_Aim of the task_. The answer must be an exact restatement of all the data.

_Data provided_.
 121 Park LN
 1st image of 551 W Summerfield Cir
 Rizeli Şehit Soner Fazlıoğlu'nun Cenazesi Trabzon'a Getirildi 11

_Exercise solution_.
 121 Park LN
 1st image of 551 W Summerfield Cir
 Rizeli Şehit Soner Fazlıoğlu'nun Cenazesi Trabzon'a Getirildi 11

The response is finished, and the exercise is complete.